Story update: Vail Resorts announced Dec. 8 that pending regulatory approvals it intends to spend $50 million on improvements at recently acquired Park City Mountain Resort in time for ski season 2015-16.

A standout among the other projects is construction of the eight-passenger Interconnect Gondola, which would connect PCMR with The Canyons, that Vail said would create the largest single ski area in the country at 7,300 acres of skiable terrain. The two resorts would be operated as one, with Canyons becoming The Canyons at Park City.

Other capital projects include upgrading two lifts at PCMR, including King Con from a four-person to a six-person detachable lift. The Motherlode chair would be upgraded from a triple to a four-person high-speed detachable quad.



Also new next year would be the 500-seat Snow Hut restaurant next to the Park City terminal of the Interconnect Gondola.

Further details may be found in a press release from Vail Resorts.



Even before powder hounds and shareholders were confronted with the news last month that leadership of Steamboat Ski and Resort Corp.’s parent company had been transferred from a longtime ski industry guy to an investment banker, the ski resort industry learned that Vail Resorts had succeeded in arranging the marriage of Park City, Utah, to The Canyons.

Competition among destination ski resorts in North America never may be the same, now that Vail Resorts CEO Rob Katz successfully has executed a plan to acquire Park City Mountain Resort. Katz has announced plans to build a new ski lift that would link that resort to The Canyons and fold that giant ski area into the Epic Pass that is transforming the industry.

“This is truly a transformative acquisition for Vail Resorts,” Katz was quoted as saying in a printed statement about his company’s fourth-quarter financial results released in September.

How Steamboat will fit into the “Era of the Super Pass” may be viewed as an open question with the abrupt news Nov. 21 that Intrawest CEO (and coincidentally former Vail president) Bill Jensen had stepped down for personal reasons. The news release announcing Jensen’s retirement also announced that he would be succeeded by a former Bear Stearns executive, Thomas Marano.

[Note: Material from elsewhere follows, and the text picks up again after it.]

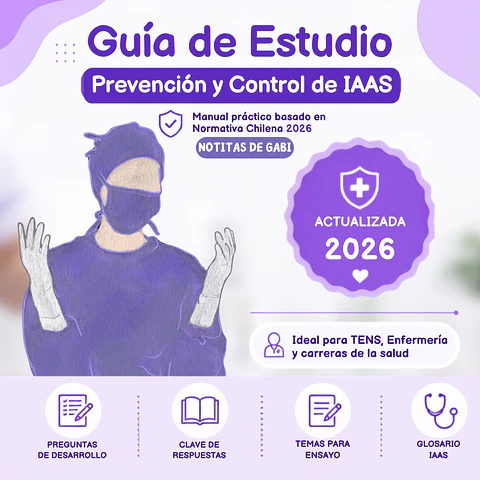 Técnicas de Asepsia, Antisepsia y Prevención de IAAS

Whatever corporate path Marano is tasked with pursuing, it’s likely to involve a strategy that responds to the rising dominance of Vail’s unprecedented customer loyalty program.

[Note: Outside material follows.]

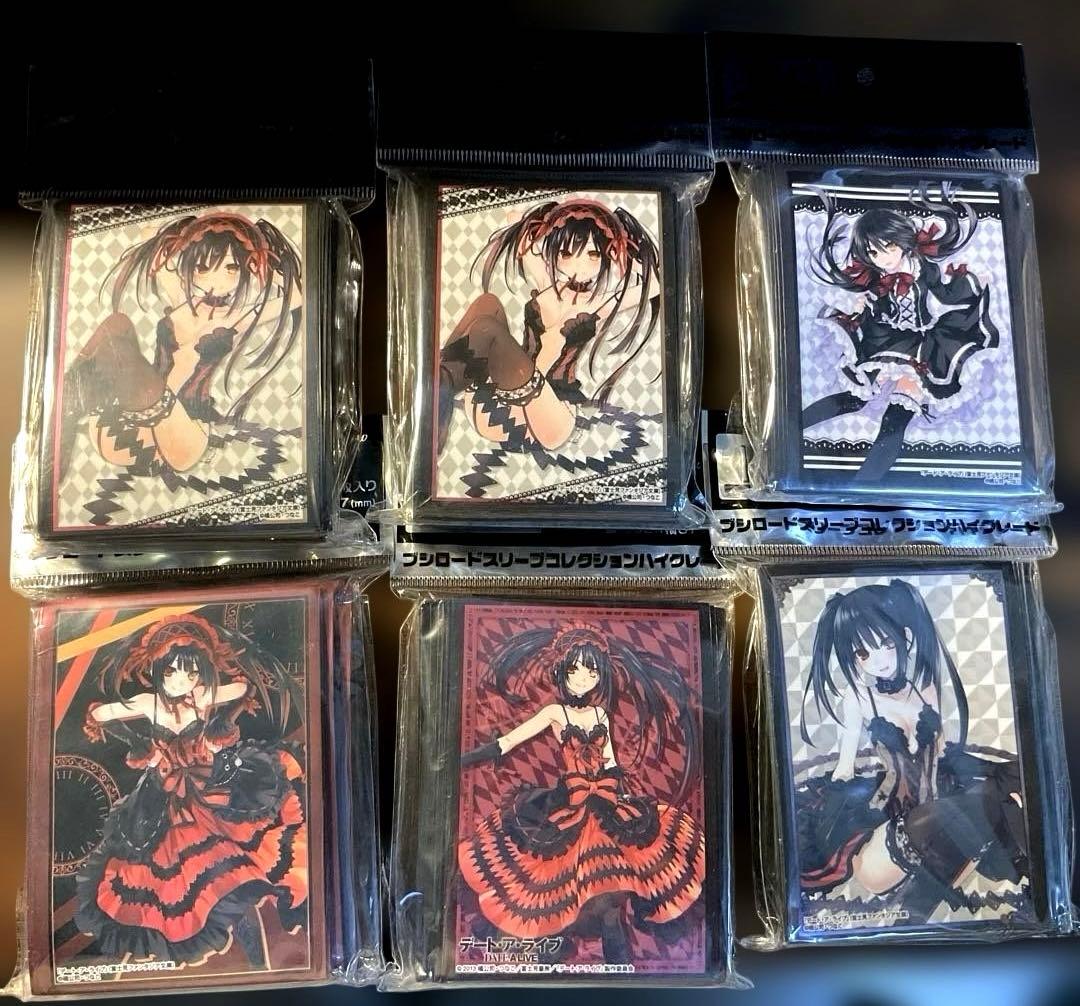 ブシロードスリーブコレクション　デート・ア・ライブ　時崎狂三　5種6点セット ブシロード デート・ア・ライブIV 時崎狂三 Part.5 スリーブ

In a prepared statement announcing his appointment, Marano said he sees opportunities to increase value for shareholders in the near and far term. He’ll have to do this while contending with Vail, which now owns or manages 22 resorts compared to Intrawest’s half-dozen.

Katz projected Park City Mountain Resort would add $35 million in earnings to his company’s balance sheet. He added that the 7,000 acres of skiable terrain of the combined Park City resort and Canyons would represent the single largest mountain resort in the U.S. But the greatest impact of adding Park City to the Vail Resorts portfolio may be that purchasers of its Epic Pass now have convenient airline access to the best resort village in Utah and a ton of terrain.

If you doubt that the expansion of Vail’s Epic Pass is a game-changer for the ski resort industry, consider what longtime industry executive Tim Cohee, director of the Ski Business and Resort Management program at Sierra Nevada College, has to say on the matter.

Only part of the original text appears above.